REQUIRED WORK:
Print the line that contains "Bongospieler, Musikinstrumentenmusiker - Unisex" and every line that follows it in the data below, ending with the final line; include nothing else.

INPUT DATA:
------------------------------------------------

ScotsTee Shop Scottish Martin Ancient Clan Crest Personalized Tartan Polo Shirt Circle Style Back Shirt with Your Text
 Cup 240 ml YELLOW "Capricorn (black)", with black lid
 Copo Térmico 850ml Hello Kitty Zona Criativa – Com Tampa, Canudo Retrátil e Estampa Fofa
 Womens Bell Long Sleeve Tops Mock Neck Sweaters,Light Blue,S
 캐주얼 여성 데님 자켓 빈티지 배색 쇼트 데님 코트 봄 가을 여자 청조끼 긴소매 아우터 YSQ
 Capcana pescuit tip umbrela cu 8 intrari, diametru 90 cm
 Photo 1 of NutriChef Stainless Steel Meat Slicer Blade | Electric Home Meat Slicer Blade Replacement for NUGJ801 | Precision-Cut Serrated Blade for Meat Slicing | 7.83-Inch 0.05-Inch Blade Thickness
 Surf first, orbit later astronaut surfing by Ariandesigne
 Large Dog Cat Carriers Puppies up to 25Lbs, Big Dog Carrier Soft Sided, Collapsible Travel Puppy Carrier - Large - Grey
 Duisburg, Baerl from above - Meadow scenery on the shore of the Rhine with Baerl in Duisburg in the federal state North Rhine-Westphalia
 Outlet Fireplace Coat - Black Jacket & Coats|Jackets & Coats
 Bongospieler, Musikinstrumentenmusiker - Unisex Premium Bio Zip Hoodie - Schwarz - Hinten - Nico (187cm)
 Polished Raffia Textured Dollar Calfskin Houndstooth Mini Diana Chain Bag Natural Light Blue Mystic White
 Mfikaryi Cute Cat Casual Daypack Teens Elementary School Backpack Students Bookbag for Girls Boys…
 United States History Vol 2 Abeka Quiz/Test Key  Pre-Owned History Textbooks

------------------------------------------------

YOUR SOLUTION:
 Bongospieler, Musikinstrumentenmusiker - Unisex Premium Bio Zip Hoodie - Schwarz - Hinten - Nico (187cm)
 Polished Raffia Textured Dollar Calfskin Houndstooth Mini Diana Chain Bag Natural Light Blue Mystic White
 Mfikaryi Cute Cat Casual Daypack Teens Elementary School Backpack Students Bookbag for Girls Boys…
 United States History Vol 2 Abeka Quiz/Test Key  Pre-Owned History Textbooks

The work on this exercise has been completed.